WHY USE AN F-STOP TIMER?


  • You work like you think with f-stop timing: in print tones and not in seconds.
  • You get more work done with less effort: the timer does the drudge work.
  • Fewer wasted prints: No math errors, no forgotten steps, no forgetting to reset the timer before and after a burn.
  • Working in the darkroom is that much more pleasant.
  • ... All adding up to better prints.

HOW DOES F-STOP PRINTING WORK?


Print tones, such as 'skin', 'dark skin', and 'detailed shadows', are a constant number of exposure stops apart.

  • Changing the exposure by 0.5 stops with grade #2 paper results in a one tone lighter or darker print.
  • Burning or dodging by 0.5 stops darkens or lightens an area by one tone.

This relationship is linear:

  • A 1 stop change on grade #2 paper results in a two tone change, a 0.1 stop change results in a fifth of a tone, and so forth;
  • A one tone change in stops of exposure effects all print tones equally: 'veiled highlights' become 'detailed highlights', 'skin' becomes 'dark skin', 'detailed shadows' become 'dark shadows'.

The Zone system provides standard names and values for these tones.

The direct link between the timer's display and the tones on the print makes it easy to predict the outcome of a change in print exposure or the effect of a dodge or burn. The timer displays the exposure in stops: a display of 2.0 is one stop greater exposure than 1.0, as a result you always know just what you are doing with the exposure and how much correction you are applying.

The Darkroom Automation f-Stop Timer is the only timer that works entirely in stops.

In the darkroom the timer becomes a box that controls exposure, not seconds -- just as the aperture ring controls light intensity and not millimeters of aperture opening.

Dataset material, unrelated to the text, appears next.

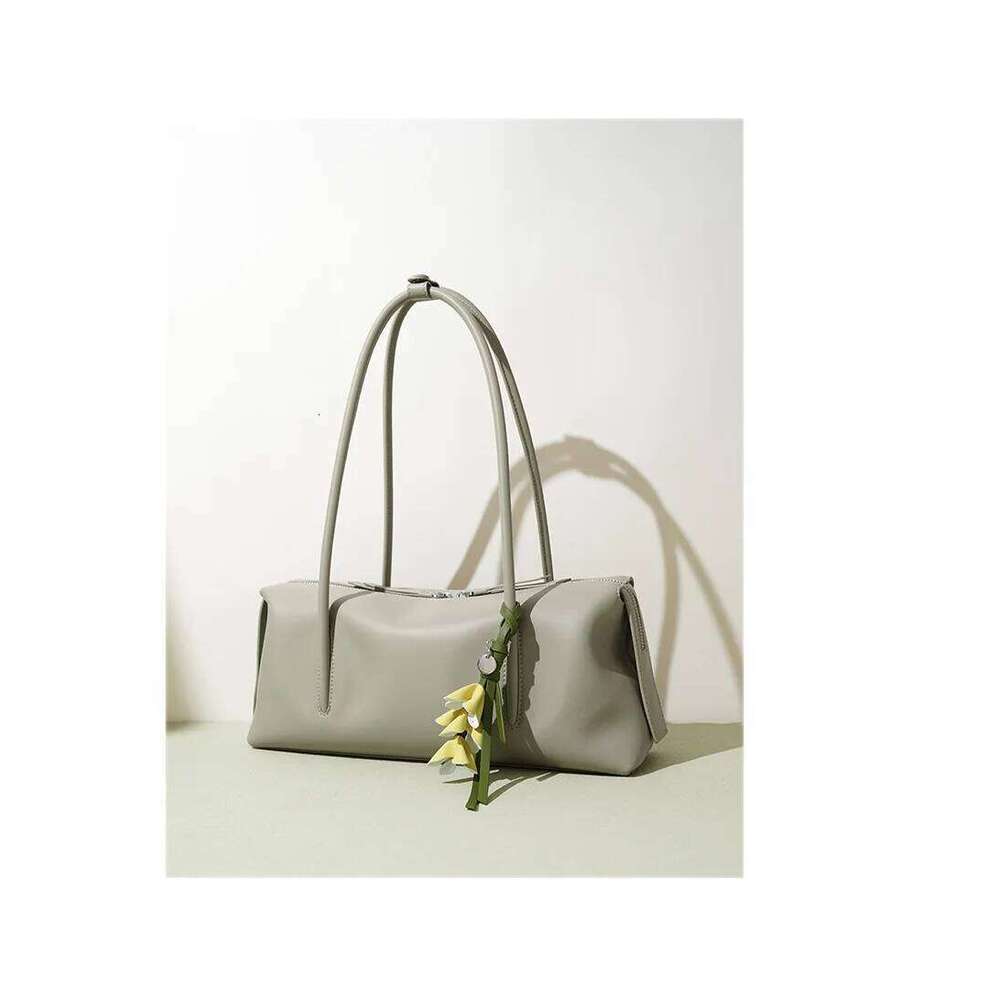 Designer Bags Luxurious Fine Living Ginger Flower Charm Design Women Tote Long-Handle Hit Color Cowhide Leather Female Handbag Undertint Luxury Bag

The F-Stop timer is calibrated so that stops of exposure correspond to seconds as:

Displayed
Stops
Seconds
0.0 1.0
1.0 2.0
2.0 4.0
3.0 8.0
3.1 8.6
3.2 9.2
3.3 9.9
... ...
9.9 954

The timer counts down seconds when it is making an exposure.

In addition to basic exposing the Darkroom Automation F-Stop timer has dedicated features for other enlarging tasks: test strips; dodging; burning; complex burning; exposure compensation; split filter printing; and memorizing and replaying the steps used in making each print.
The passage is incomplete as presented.